I have been thinking about language. May I invite you to leave the frenzy of the dance floor and come out onto the balcony?

Perhaps I can persuade you to cross your threshold of conviction and together we will mandate ourselves to find, at least pro tem, a band-aid solution.

Let me run this up the flagpole and see if you salute it - watch out for the insidious management speak and overblown metaphors

Do you have any idea what this means? I didn’t, either, until a quick Google put me right and I spent a fascinating half hour immersed in the art of neologisms - newly coined words and phrases.

This all came about because I was reading a corporate strategy document, intended, eventually, to gladden the hearts of customers, staff and stakeholders alike. It was about an inch thick and larded with amazing buzzwords, phrases and metaphors. Who would read it?

I feared it was destined to moulder away unloved, unread. Yet there were many excellent ideas within it, so I have “an arrow I would like to fire”.

About three quarters of corporate communication is in writing. At best, the use of management speak might show we are “cool”, on the ball. More often, it irritates, obscuring the message or even worse giving rise to the suspicion that we do not really know what we are talking about.

I would like to plead for no-nonsense writing that does, according to one advertising slogan, exactly what it says on the tin. Here are some tips:

  • The only people who matter are your readers. Put their interests first. Always consider what is in it for them.
  • Keep it short and simple - it is easier to understand.
  • Use positive language rather than negative - it makes it sound as though you want something to happen. For example “remember” is better than “don’t forget”.
  • Use active verbs. “It has been decided to” is less compelling than “the executive team decided to”, which says both “what” and “who”.
  • Use verbs rather than nouns.
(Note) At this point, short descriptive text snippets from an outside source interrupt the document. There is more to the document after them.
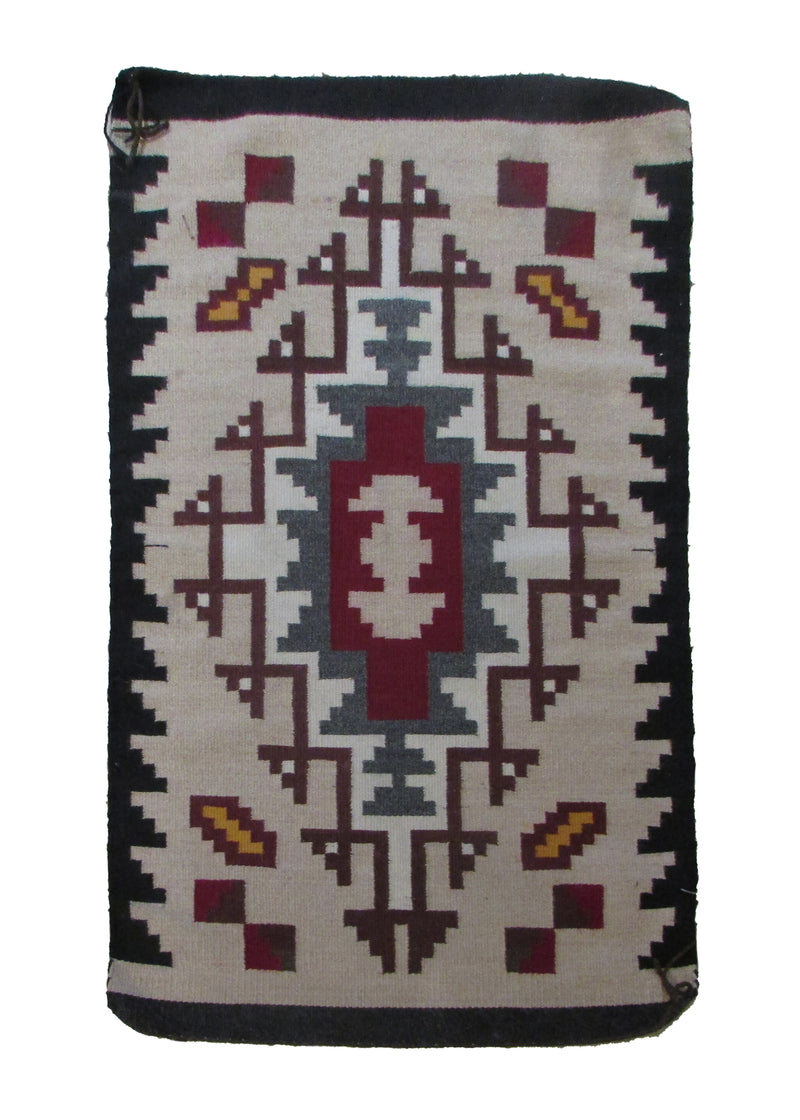 A30145 Native American Rug Navajo Handmade Area Tribal 2'0'' x 3'5'' -2x3- Whites Beige Black Two Gray Hills Geometric Design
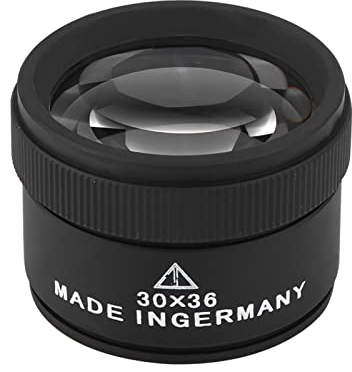Lwuey 30X Loupe de Bijoux, Grossissantes Pièces Monnaie Professionnelle Lentille Optique Alliage Plaqué Portable Mini Microscope Poche Lecture Bureau Timbres Textile Aesthetic Antiquités Examiner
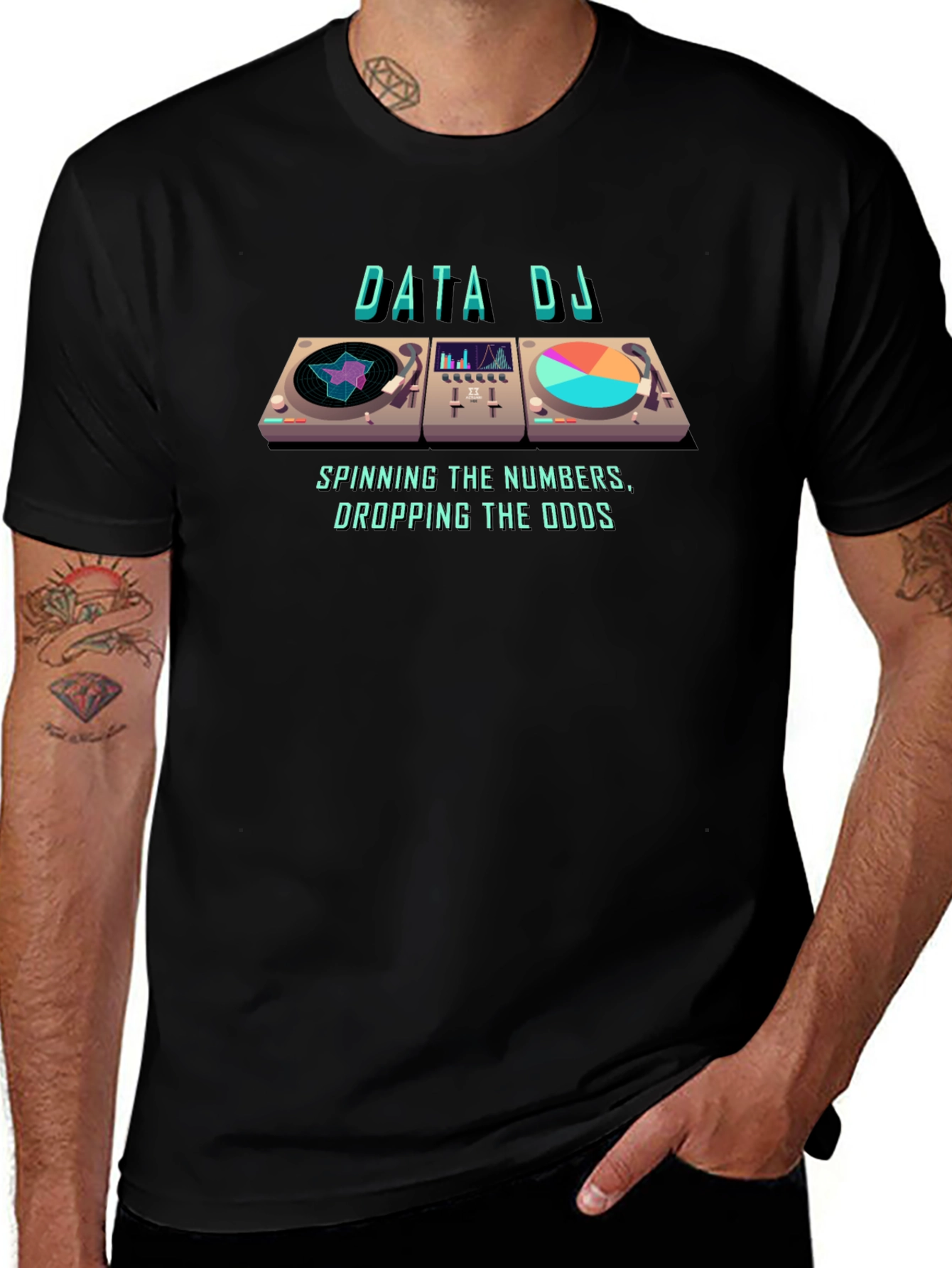 Data DJ T-Shirt: Spinning Numbers Dropping Odds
Compare “we focus on performance measurement and standardisation” with “we measure and standardise performance”. Which is punchier?
  • Watch your email etiquette. Use another medium for personal or confidential material. Use the subject box in the same way as newspapers and magazines use headlines - to grab attention.
  • Use a format and style that makes your readers comfortable. Look at magazines, blogs, web forums - how do they “talk” to readers and generate interest?
  • Check your readability score. If you use Microsoft Word, go to “tools”, then “spelling and grammar”. Click on “options” and tick the “show readability” box. Whenever you do a spell check, you will get a readability summary. Look at the Flesch reading ease - the higher the score the better. A score of 60 per cent equates to plain English.

Finally, let me run this up the flagpole and see if you salute it - watch out for the insidious management speak and overblown metaphors. Some of us may need to push the envelope on this one.